## INPUT MATERIAL:
┌────────
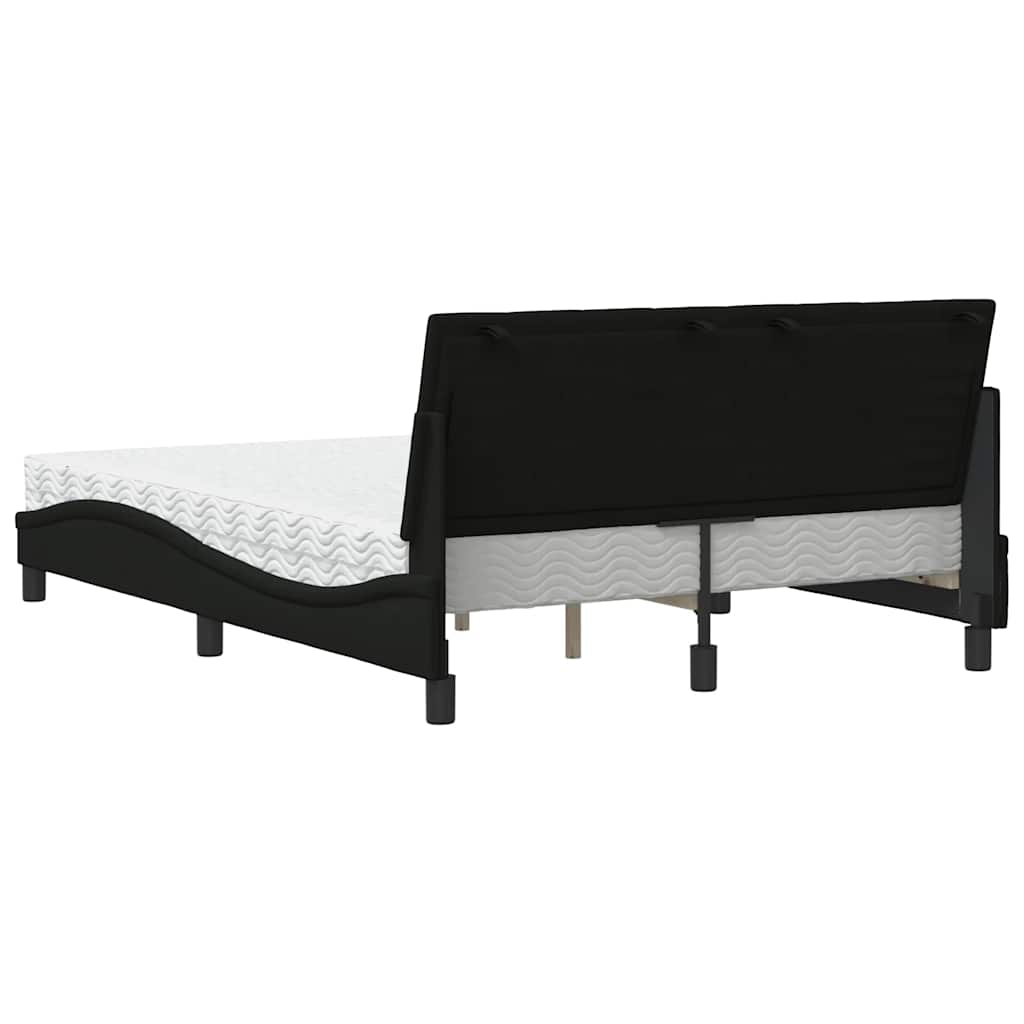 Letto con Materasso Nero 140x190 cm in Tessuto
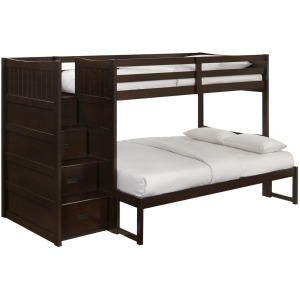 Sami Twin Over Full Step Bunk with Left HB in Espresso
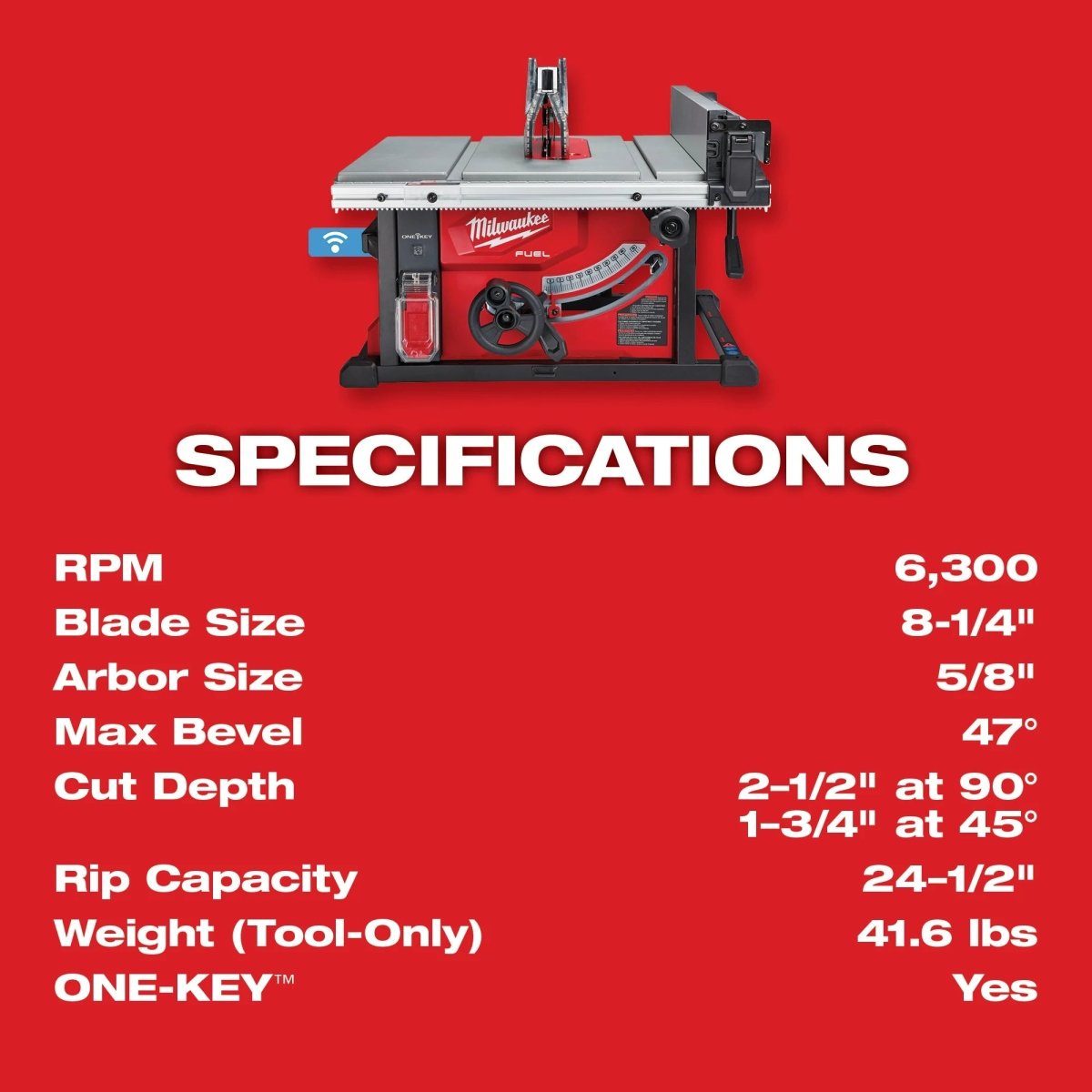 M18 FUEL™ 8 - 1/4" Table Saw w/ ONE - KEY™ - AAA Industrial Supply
└────────
┌────────
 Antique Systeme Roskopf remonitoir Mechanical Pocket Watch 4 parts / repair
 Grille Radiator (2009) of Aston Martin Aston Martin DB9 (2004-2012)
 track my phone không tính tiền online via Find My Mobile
└────────
## REQUIRED WORK:
Without the pictures, give again exactly the lines above starting at the line containing "Sami Twin Over" and ending at the line containing "M18 FUEL™ 8".

## TASK SOLUTION:
 Sami Twin Over Full Step Bunk with Left HB in Espresso
 M18 FUEL™ 8 - 1/4" Table Saw w/ ONE - KEY™ - AAA Industrial Supply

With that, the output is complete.